Members will receive a presentation detailing progress on the transition of Children’s services from the Glenfield Hospital to the Kensington Building at Leicester Royal Infirmary.
Rebecca Brown, Acting Chief Executive gave a presentation detailing progress on the transition of children’s services from the Glenfield Hospital to the Kensington building at Leicester Royal Infirmary.
Background details of the East Midlands Congenital Heart Centre and NHS Standards were given, and Members were reminded of the decision taken in September 2019 to move the paediatric congenital heart service to the Leicester Royal Infirmary in order to meet the co-location standard.
It was noted that:
· The project comprised a 12 bed intensive care unit, 17 bed cardiac ward, a cardiac theatre and catheter lab as well as an outpatient and cardiac physiology dept.
· Phase 1 had completed with the Kensington building being attractively refurbished
· The move from Glenfield to Kensington building took place from 5th – 8th August 2021 with the support of other providers during the transition to ensure that emergency services for children remained available.
· The Kensington building was fully up and running with all equipment and clinical teams in place.
Images of the new Kensington building were viewed and noted.
Rebecca Brown, Acting Chief Executive explained the next phase, Phase II envisioned the creation of East Midlands first dedicated standalone Children’s Hospital to ensure all children could be cared for on one dedicated site and would see the move of all children’s services into the Kensington building.

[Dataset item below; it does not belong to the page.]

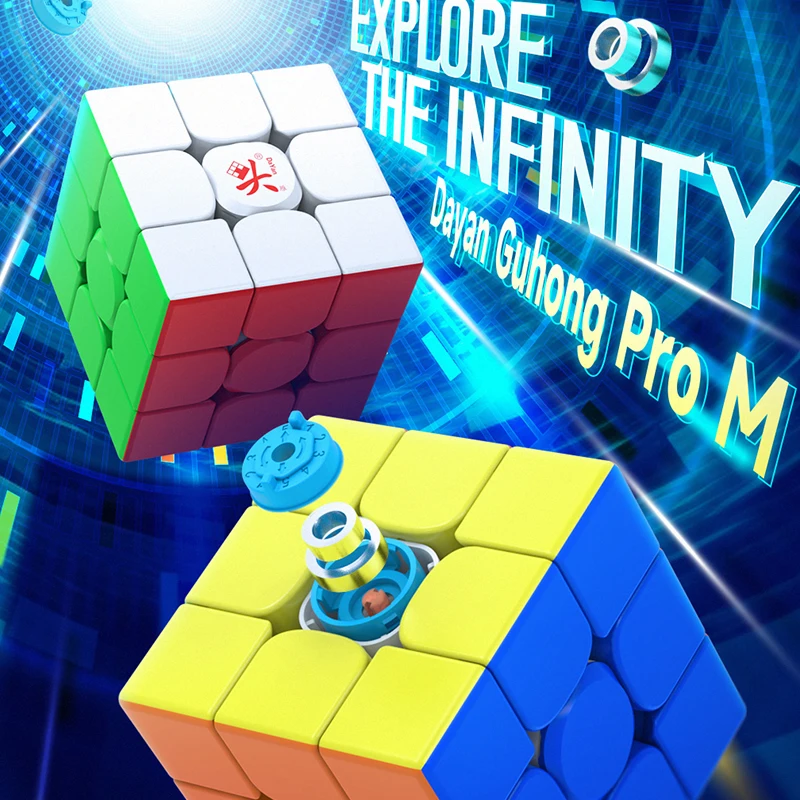 DaYan GuHong Pro M Maglev 3x3 Magic Cube PROM Magnetic Spring Magic Cube Puzzle Toys For Children Kids Gift Toy 2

Members of the Commission welcomed the presentation, expressing positive comments about the smooth transition and commented on how good the building and unit looked. Members asked that their thanks be passed on to the staff who made this happen and everyone involved in save Glenfield should be assured seeing everything transitioned across so well.
The ensuing discussion included the following points:
In relation to specialist children’s services it was noted that UHL consultants were recognised nationally and regionally as experts. Clinical teams worked with networks across Northamptonshire, Lincolnshire to expand the region and be experts for all those areas too. National recognition for clinical outcomes showed UHL was up in top three.
Regarding space, the Kensington building was very spacious with room for growth and had been very well designed for children and adolescents with
dedicated play therapists and support staff to help children with special needs.
Nicky Topham, Programme Director of Reconfiguration confirmed the new build and existing Kensington building interior had been extended too including down into lower floors.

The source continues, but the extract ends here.